The agent/manager/client relationship is an interesting one. It's something that most of us new and aspiring writers dream about getting involved in. We often believe it'll be the solution to all of our (career-building) problems. Getting an agent or manager - at first, the idea is that any representative will do - is the first major goal of breaking into the film industry. Once that's been accomplished, they should do everything and drop everything for you. This kind of thinking can be misleading, can prove frustrating, and is in many ways just wrong. That said, once you have secured representation, there are a few key things you can do to ensure a more successful writer/representative relationship.
(Full disclosure: for anyone who hasn't been keeping up with me since day one - and apologies to people who have been - I currently have both an agent and a manager. Before that, I spent about four months with a manager who did not pan out, and a good chunk of time before that when I didn't have any representation at all. Take my advice, or leave it, with a grain or a cup of salt. All of this is based on what I've been told and what I've discovered through my interactions with my various representatives.)
As emerging talent, as my agent (who I secured in October) said, I have both a very easy and a very difficult job right now. I have to keep writing.
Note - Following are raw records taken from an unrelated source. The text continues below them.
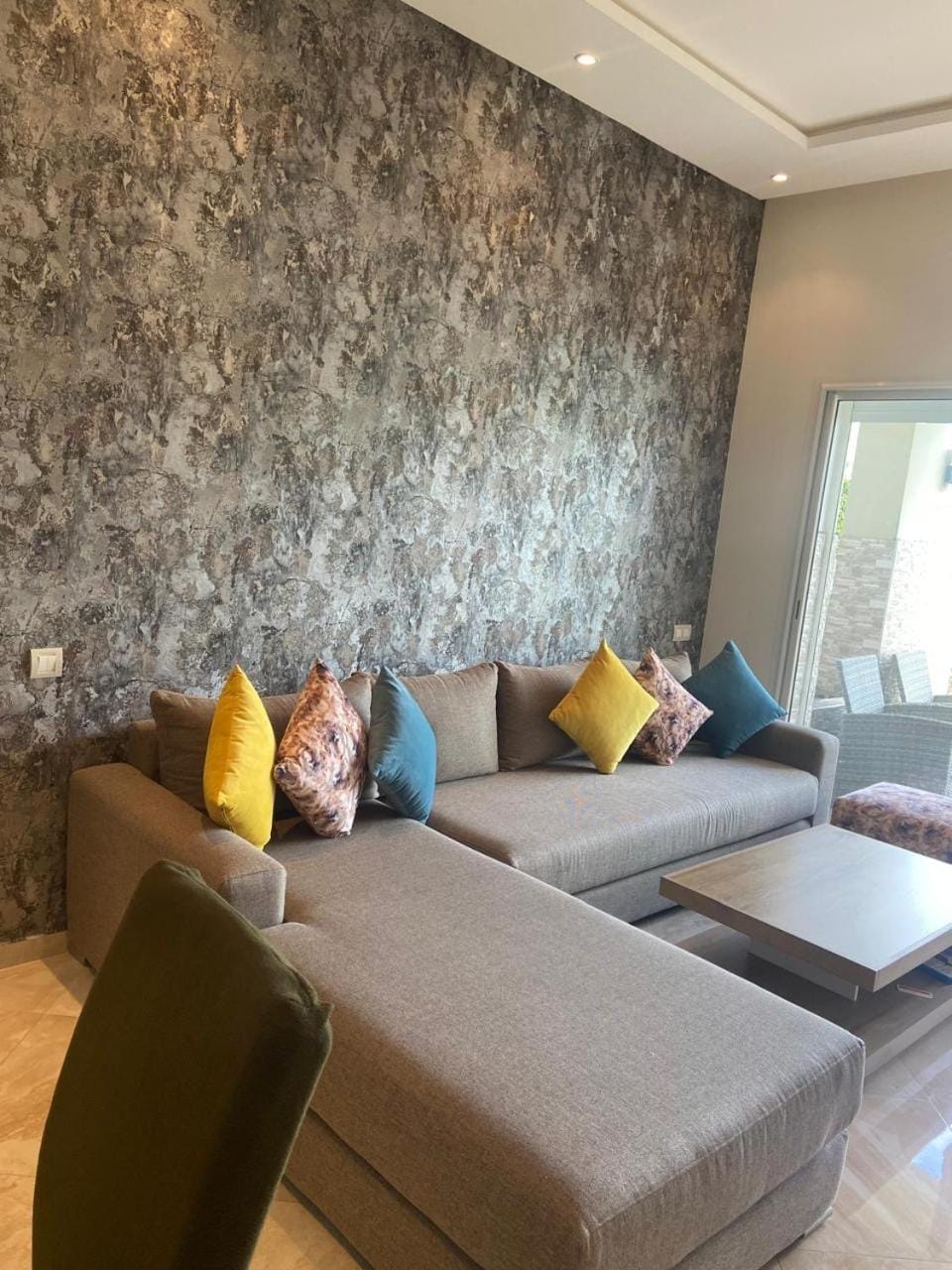 CASABAY Sidi Rahal, appartement avec accès direct à la piscine Apartment in Casablanca-Settat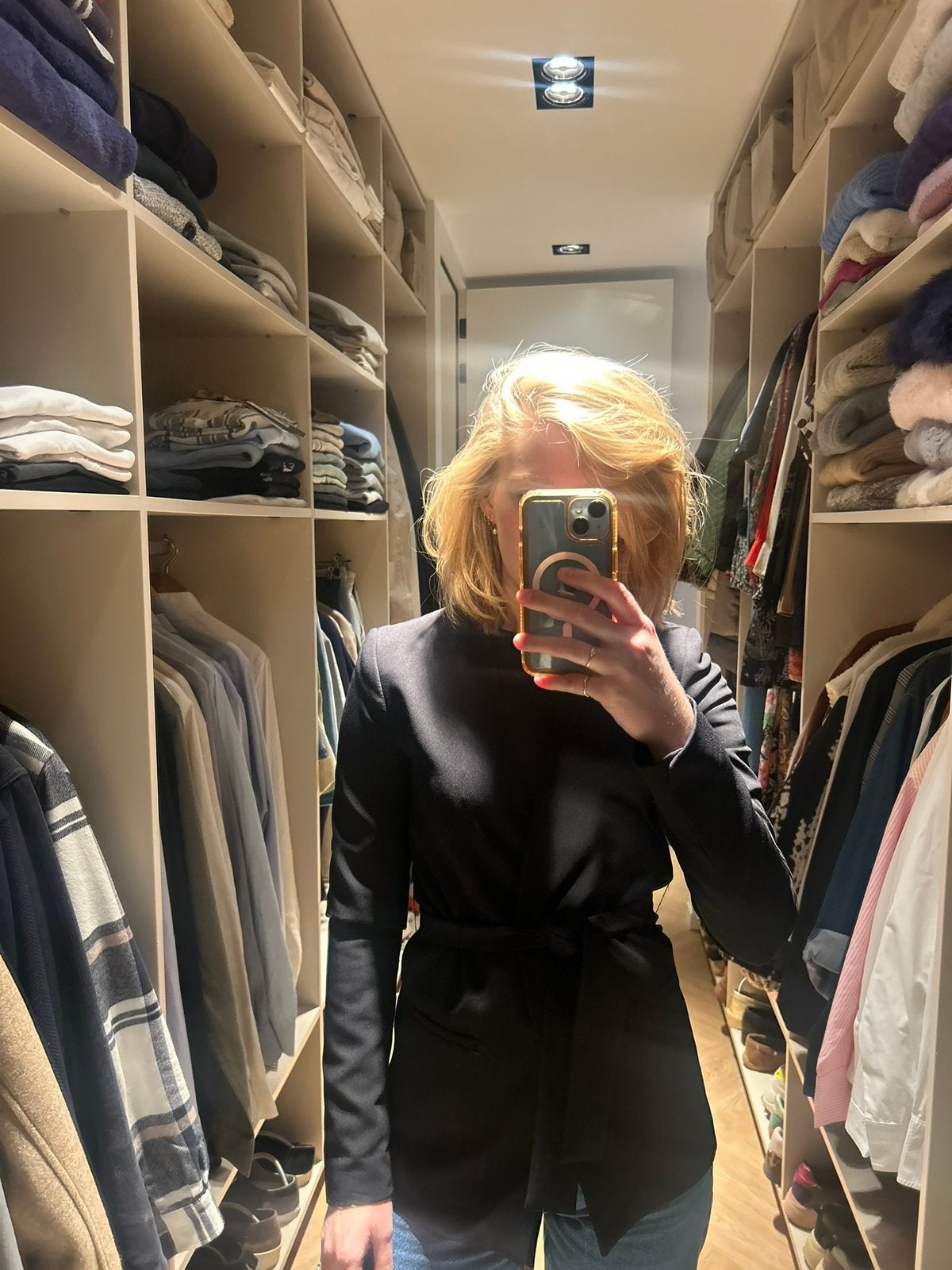 Costes getailleerde blazer zwart XS, Zwart, Ophalen of Verzenden, Jasje, Maat 34 (XS) of kleiner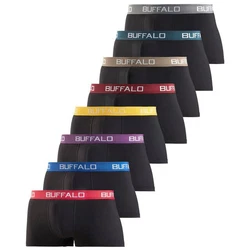 Buffalo Hipster Boxershorts Blau/Rot/Dunkelblau/Hellblau/Mischfarben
Sounds simple enough, but the stakes have changed since I was just writing for myself. The future of my relationship with my representatives hinges on my ability to deliver product (scripts) in a timely fashion. That doesn't mean first drafts, either. The bar has been raised, and I'm charged with trying to produce two industry-ready scripts per year. It's a pretty mighty task, but this first year or two is really like testing period. Sure, the goal is to sell my post-Apocalyptic spec and set me up on other projects. But I also have to prove my ability to produce quality pages in a professional window. So, part of my job is to be proactive in terms of my writing - I have to come up with marketable ideas, and then be able to follow through with the scripts. In that way, I help my representatives and myself.
Being a proactive client doesn't end in just producing pages, though. While an agent or manager is supposed to set their writers up on meetings and get their name out into the industry, a dedicated client will try to do the same. This is where your contacts come into play. If you've held an internship or worked with someone before, and they have the power to read and maybe recommend a script, try to get that connection linked up with your reps. If you have an in at a production company, even if it's not the kind of company that does the work you're writing, let your manager or agent know. Make connections that they can follow up on on your behalf. The initial stage of your career is going to be used for building your visibility and gaining you some name-recognition. Be proactive in making connections, as well, and you'll help your representatives. After all, any help they get in marketing you, really just helps you in the end.